• [Exercise requirements]:
Establish how many lines in the records below include the word "White"; respond with that number only.
------ The data ------
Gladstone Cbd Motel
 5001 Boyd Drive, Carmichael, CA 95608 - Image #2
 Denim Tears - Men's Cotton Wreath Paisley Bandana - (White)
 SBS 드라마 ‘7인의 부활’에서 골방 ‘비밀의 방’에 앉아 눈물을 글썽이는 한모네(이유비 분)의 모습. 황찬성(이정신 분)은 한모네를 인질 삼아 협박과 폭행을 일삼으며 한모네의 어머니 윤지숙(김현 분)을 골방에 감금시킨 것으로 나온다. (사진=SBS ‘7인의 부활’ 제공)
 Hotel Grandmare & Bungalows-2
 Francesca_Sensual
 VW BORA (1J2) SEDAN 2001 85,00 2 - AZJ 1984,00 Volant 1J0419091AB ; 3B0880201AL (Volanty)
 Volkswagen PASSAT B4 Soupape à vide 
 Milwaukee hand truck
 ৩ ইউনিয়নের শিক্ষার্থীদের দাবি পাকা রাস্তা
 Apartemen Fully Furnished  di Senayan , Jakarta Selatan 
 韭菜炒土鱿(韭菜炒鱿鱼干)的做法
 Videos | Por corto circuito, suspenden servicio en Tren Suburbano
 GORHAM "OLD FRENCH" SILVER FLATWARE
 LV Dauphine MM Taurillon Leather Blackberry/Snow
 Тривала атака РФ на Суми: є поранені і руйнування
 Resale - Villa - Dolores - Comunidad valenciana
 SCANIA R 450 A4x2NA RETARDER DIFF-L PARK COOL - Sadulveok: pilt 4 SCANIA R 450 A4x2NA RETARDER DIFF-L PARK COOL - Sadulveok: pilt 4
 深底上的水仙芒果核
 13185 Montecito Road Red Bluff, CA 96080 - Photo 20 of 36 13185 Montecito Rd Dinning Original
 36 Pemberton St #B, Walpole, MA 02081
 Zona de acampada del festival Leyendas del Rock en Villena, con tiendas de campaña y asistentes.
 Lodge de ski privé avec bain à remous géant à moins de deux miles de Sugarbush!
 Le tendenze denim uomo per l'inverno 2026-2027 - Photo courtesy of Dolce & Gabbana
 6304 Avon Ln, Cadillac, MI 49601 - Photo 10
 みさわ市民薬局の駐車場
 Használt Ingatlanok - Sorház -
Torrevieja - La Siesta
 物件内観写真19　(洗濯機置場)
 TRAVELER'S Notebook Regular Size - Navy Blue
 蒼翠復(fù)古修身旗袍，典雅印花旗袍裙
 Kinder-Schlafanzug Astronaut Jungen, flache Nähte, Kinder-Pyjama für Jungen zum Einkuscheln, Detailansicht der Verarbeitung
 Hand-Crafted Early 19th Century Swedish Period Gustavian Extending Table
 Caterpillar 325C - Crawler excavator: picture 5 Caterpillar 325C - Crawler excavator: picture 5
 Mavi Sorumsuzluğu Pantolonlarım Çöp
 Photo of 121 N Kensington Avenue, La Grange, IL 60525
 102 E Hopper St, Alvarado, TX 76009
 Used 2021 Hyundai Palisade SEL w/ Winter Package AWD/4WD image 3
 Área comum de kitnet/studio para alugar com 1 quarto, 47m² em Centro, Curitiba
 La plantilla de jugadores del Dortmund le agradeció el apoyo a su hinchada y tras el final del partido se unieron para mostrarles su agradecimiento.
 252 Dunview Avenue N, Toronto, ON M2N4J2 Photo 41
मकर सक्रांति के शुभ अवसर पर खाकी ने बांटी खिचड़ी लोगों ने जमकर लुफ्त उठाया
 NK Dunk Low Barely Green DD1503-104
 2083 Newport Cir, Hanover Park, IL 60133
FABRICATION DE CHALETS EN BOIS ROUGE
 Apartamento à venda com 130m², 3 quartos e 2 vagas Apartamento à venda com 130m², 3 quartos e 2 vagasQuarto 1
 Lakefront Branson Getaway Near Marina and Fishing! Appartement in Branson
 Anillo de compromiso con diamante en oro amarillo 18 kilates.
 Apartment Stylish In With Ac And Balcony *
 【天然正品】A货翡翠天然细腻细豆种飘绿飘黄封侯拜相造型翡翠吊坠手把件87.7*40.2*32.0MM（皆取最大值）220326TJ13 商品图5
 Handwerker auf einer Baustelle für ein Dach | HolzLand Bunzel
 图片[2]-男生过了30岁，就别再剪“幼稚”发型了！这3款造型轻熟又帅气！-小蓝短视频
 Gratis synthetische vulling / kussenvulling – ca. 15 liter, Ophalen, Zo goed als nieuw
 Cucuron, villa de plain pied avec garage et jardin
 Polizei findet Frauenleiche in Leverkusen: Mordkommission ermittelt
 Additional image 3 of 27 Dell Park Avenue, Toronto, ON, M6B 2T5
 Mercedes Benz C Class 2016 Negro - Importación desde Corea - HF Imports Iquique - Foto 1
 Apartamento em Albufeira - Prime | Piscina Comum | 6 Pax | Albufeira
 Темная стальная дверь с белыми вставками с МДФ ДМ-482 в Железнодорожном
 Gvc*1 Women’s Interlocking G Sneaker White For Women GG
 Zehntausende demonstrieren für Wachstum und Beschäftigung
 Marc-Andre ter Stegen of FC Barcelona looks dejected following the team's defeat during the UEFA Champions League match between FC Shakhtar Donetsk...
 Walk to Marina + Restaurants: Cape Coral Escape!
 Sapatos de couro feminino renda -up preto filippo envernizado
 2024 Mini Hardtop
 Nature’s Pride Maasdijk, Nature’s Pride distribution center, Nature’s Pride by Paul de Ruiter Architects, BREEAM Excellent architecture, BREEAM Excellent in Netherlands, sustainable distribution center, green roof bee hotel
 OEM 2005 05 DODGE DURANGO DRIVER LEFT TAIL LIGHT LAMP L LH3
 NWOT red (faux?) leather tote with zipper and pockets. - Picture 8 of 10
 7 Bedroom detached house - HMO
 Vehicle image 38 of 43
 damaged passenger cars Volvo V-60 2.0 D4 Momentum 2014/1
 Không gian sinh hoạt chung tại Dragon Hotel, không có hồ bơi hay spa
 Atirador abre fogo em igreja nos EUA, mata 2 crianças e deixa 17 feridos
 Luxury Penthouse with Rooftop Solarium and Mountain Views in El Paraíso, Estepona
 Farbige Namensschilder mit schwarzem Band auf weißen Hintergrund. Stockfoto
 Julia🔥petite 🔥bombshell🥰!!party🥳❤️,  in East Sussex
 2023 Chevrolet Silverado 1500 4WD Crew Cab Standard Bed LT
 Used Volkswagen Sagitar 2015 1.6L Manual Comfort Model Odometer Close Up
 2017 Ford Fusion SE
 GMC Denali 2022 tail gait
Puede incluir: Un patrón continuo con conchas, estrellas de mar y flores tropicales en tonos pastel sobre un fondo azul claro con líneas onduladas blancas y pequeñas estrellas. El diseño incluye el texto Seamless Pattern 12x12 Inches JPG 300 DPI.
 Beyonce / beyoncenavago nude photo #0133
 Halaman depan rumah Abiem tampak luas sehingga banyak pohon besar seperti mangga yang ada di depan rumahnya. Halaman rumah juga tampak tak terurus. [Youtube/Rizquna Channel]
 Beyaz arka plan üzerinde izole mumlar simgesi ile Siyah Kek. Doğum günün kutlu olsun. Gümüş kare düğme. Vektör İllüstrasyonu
------
• [The completed task]:
2